• [EXERCISE BRIEF] Beneath this line are entries. Copy the range from the line with "Seringues dans la" to the line with "Foto del edificio - 5917 Sun County Blvd", ends included, exactly; leave pictures out.

Stored items from a collection:
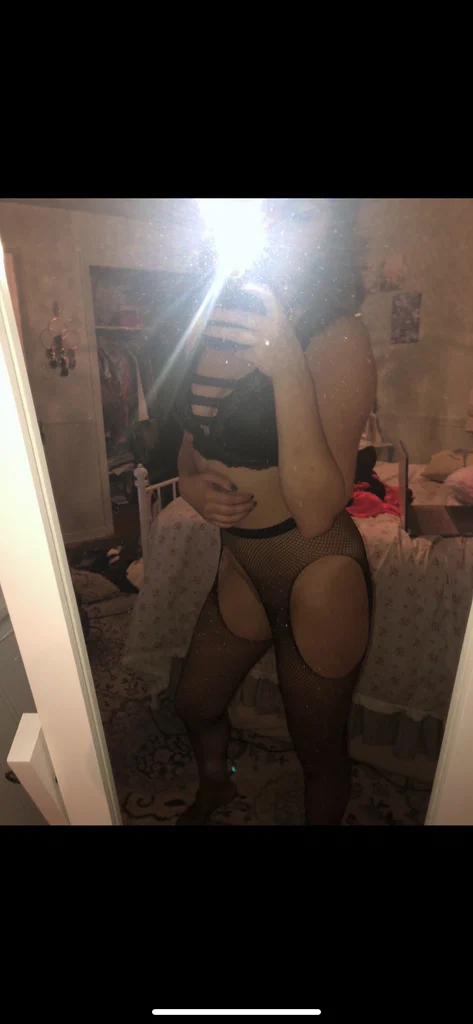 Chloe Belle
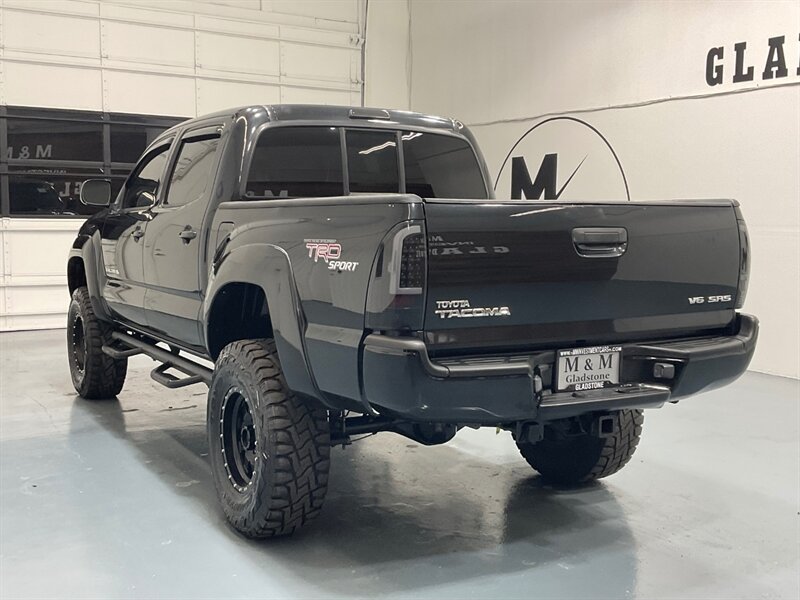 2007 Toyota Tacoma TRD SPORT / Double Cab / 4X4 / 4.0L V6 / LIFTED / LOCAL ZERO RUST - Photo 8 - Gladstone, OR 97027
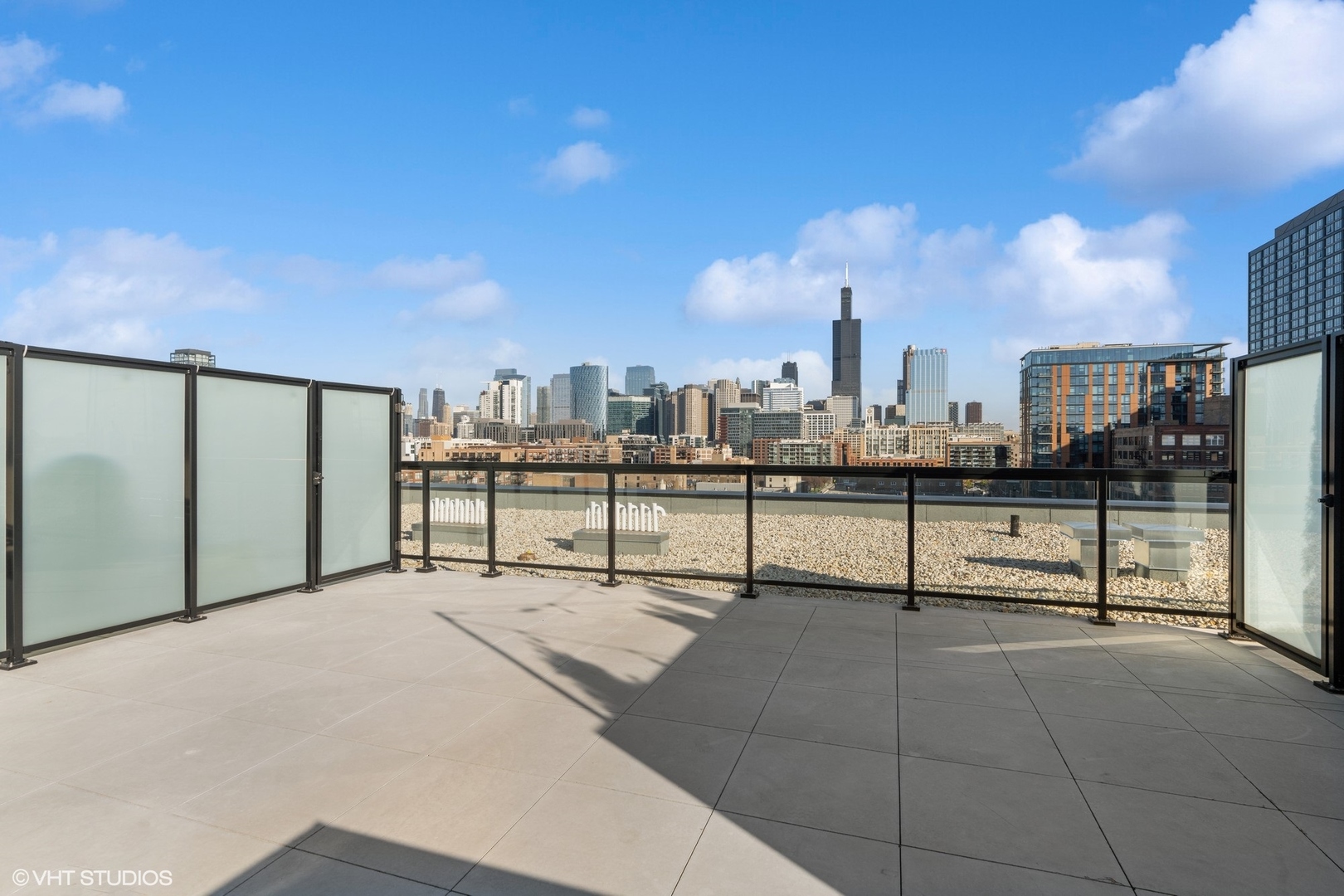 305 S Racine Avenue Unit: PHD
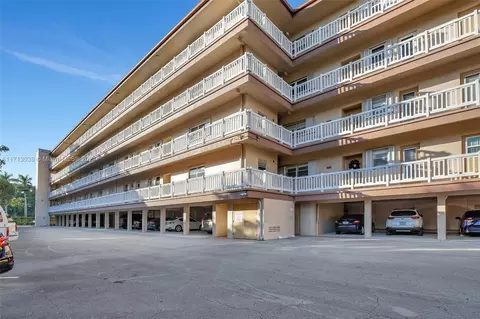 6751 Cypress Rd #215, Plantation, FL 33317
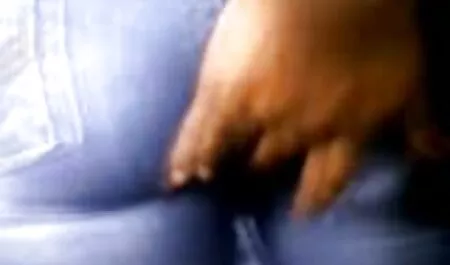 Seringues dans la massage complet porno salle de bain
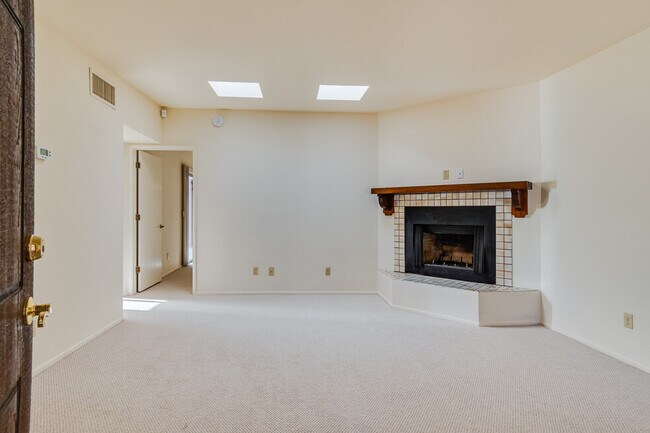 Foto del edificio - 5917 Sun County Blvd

* * *

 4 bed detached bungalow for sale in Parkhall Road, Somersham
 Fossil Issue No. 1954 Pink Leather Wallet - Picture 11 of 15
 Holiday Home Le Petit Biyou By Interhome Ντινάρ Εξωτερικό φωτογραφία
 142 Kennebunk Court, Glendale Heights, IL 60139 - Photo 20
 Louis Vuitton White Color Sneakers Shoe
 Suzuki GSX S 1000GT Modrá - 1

---

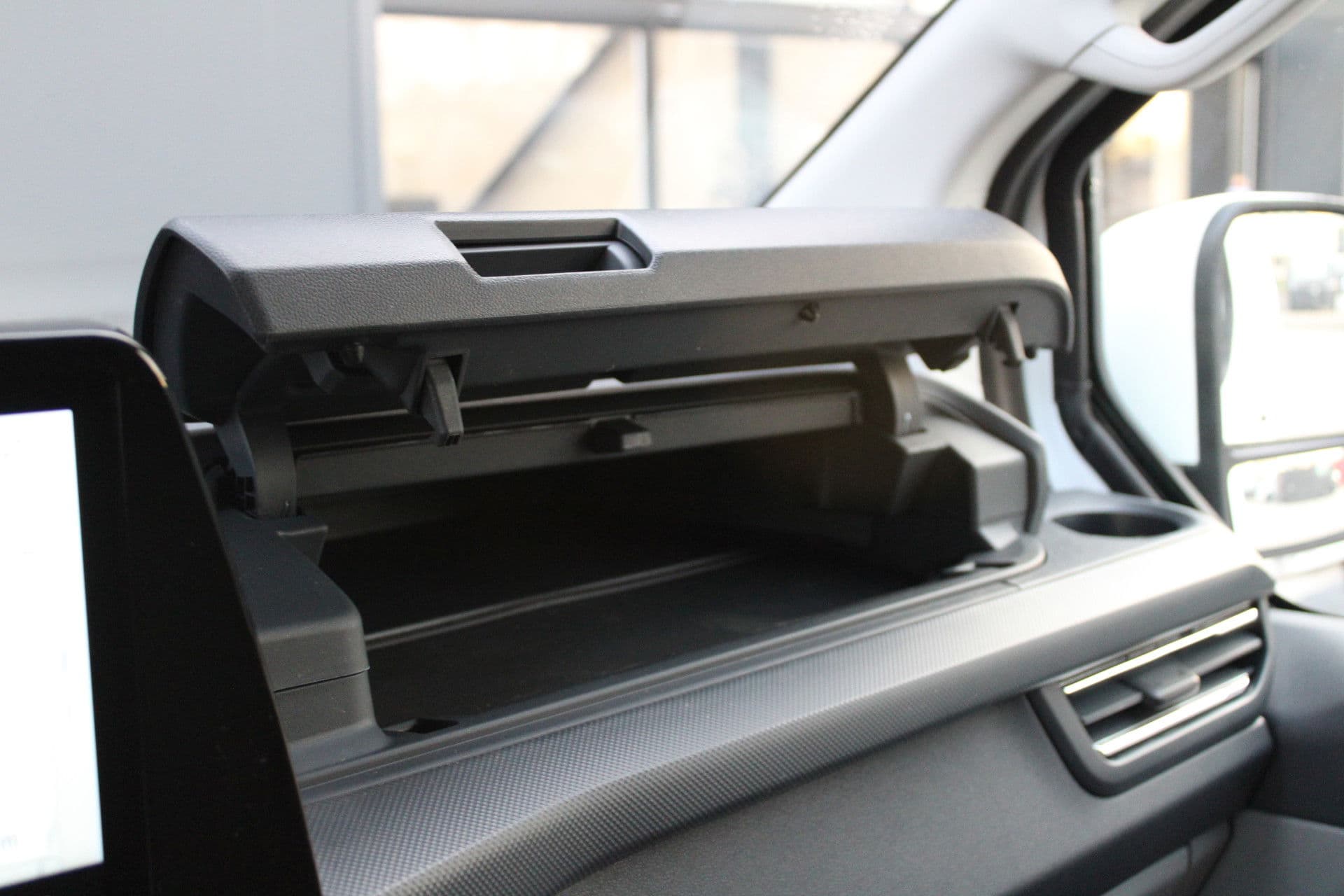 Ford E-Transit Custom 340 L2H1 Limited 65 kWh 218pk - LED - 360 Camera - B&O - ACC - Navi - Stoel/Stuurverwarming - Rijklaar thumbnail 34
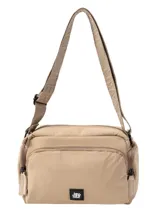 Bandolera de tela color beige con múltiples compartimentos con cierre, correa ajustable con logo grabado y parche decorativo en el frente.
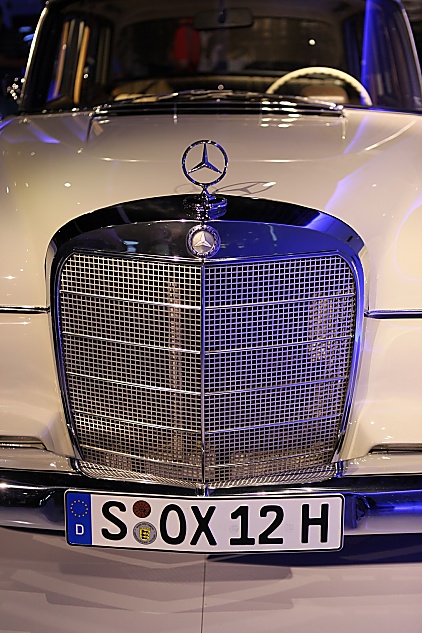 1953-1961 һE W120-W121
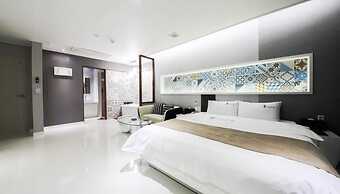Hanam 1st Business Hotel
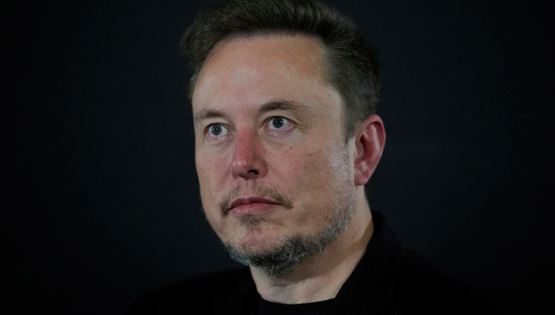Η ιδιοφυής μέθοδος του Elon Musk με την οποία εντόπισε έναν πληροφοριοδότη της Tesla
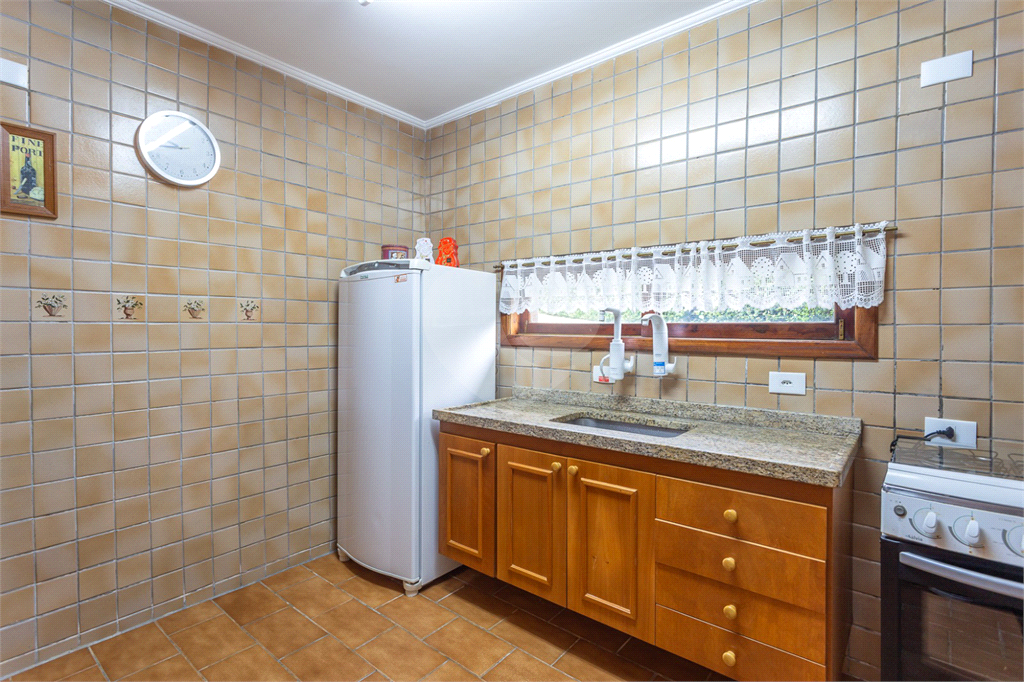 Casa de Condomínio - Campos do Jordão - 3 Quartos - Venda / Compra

• [RESPONSE]
 Seringues dans la massage complet porno salle de bain
 Foto del edificio - 5917 Sun County Blvd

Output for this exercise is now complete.